Where will he land?
By Michael Friscolanti - Thursday, November 26, 2009 - 6 Comments
Omar Khadr may well make it back to Canada. Then what?
The exact timeline is still sketchy, but at some point in the coming weeks, a blindfolded Omar Khadr will be escorted out of his jail cell, shackled at the wrists and ankles, and carried onto a military cargo plane. Though he won’t have the pleasure of witnessing it with his own eyes, Guantánamo Bay, Cuba—Khadr’s prison for the past seven years, beginning at the tender age of 16—will disappear into the distance within a matter of minutes.

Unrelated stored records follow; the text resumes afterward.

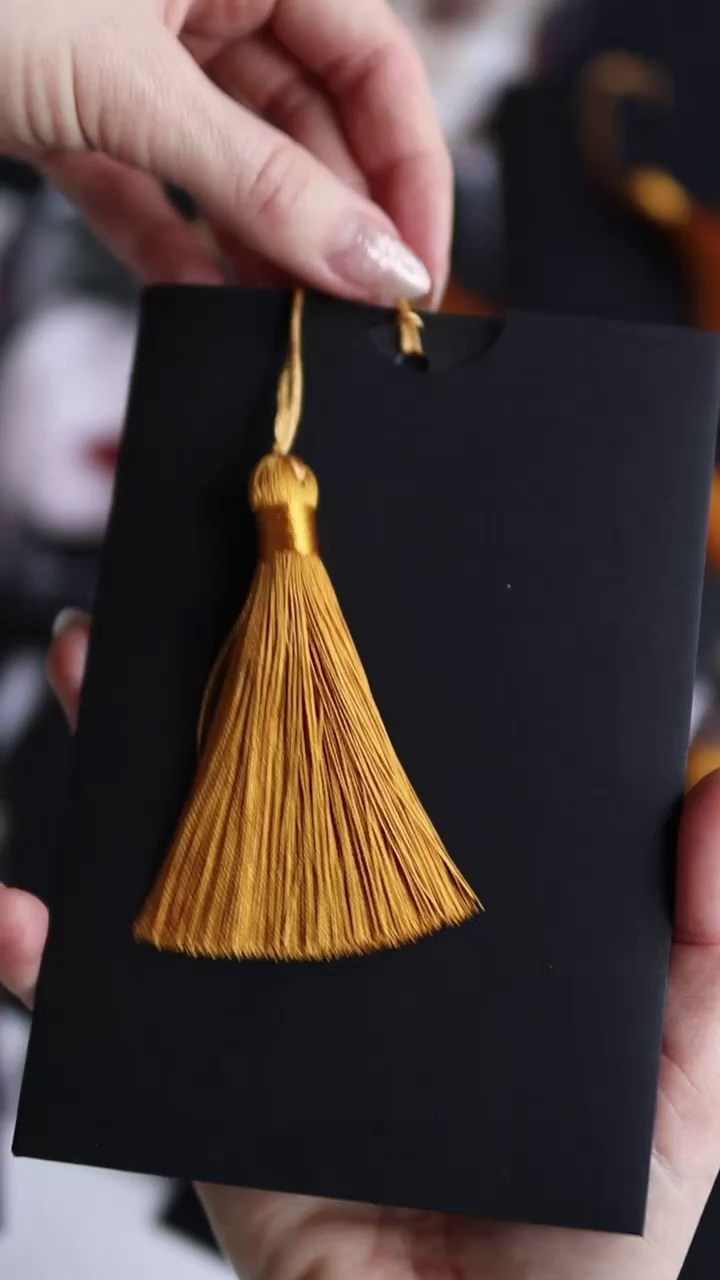 С фото, от 240 руб. Дизайнер полиграфии в Санкт-Петербурге. Заказать свадебные приглашения, подарочные сертификаты, полиграфию для бизнеса, шелковые ленты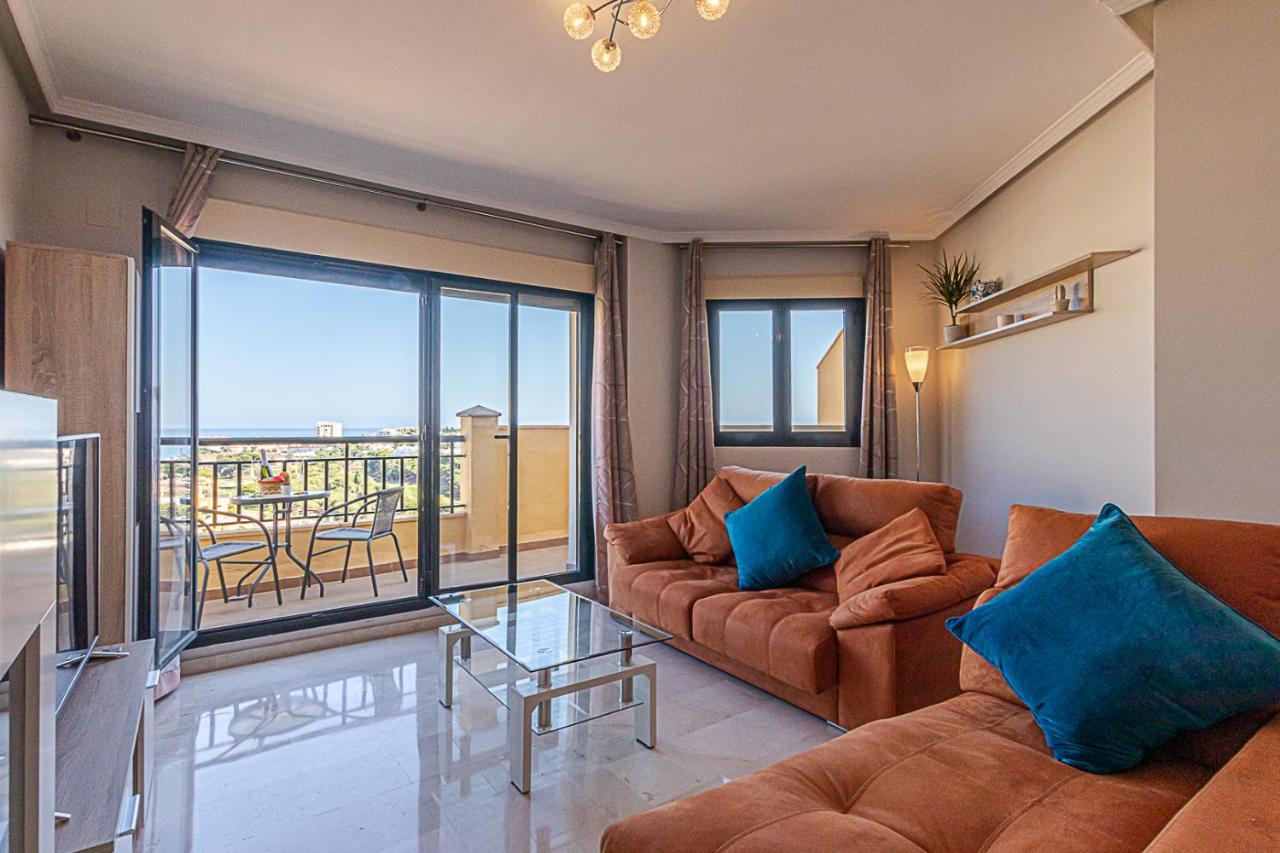 797 Holiday Rentals - Moderno Piso Para 5 Con Hermosas Vistas Benalmádena Eksteriør bilde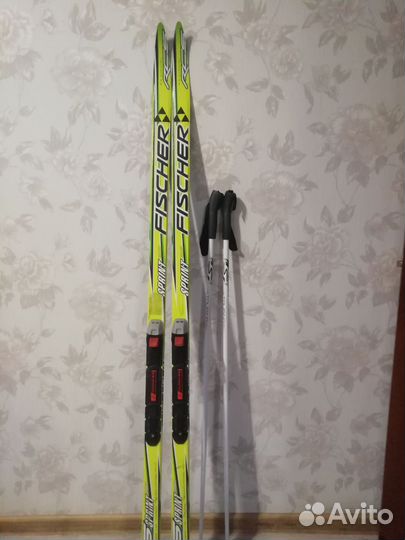 Лыжные ботинки salomon, детские. Длина лыж 150 см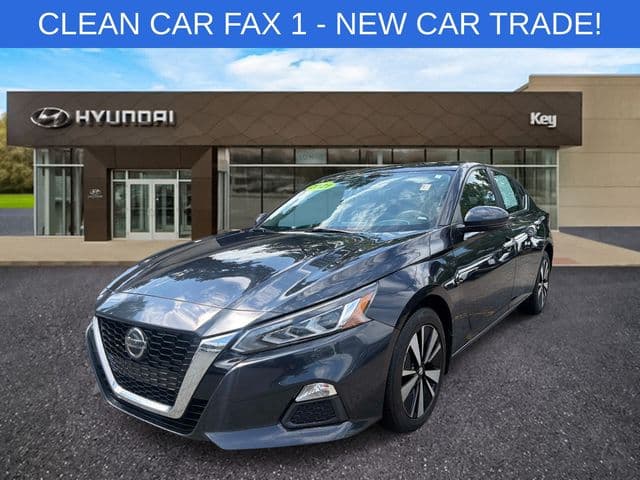 2021 Nissan Altima 2.5 SV — photo 1 of 32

Where he will land is still a mystery. The White House announced last week that the 23-year-old is slated to face a military commission—somewhere on U.S. soil—for his alleged war crimes, including the murder of an American soldier in Afghanistan. Yet in the very same breath, Barack Obama’s attorney general left open the possibility that Khadr, a Canadian citizen, could be transferred to his home country before a trial ever begins. Fuelling such speculation is a separate hearing in front of the Supreme Court of Canada, which must decide, once and for all, whether Stephen Harper should be forced to at least ask the Americans to repatriate Khadr. The legal arguments are complex, but at the heart of the case is a growing sense that if the Prime Minister simply asked for his release, Washington would happily oblige.
In other words, that plane leaving Gitmo could fly straight to Canada.
It’s not quite that simple, of course. The Supreme Court may not issue a ruling until the new year, and even if it does order Harper to bite his lip and lobby for Khadr, there is no guarantee the Americans will hand him over carte blanche. But for a boy (now man) who has grown up inside Gitmo’s barbed wire, the end has never felt so close. Which means the biggest question of all—the one Harper is fighting in court to avoid—must now be answered: if Omar does return to Canada, what exactly do we do with him?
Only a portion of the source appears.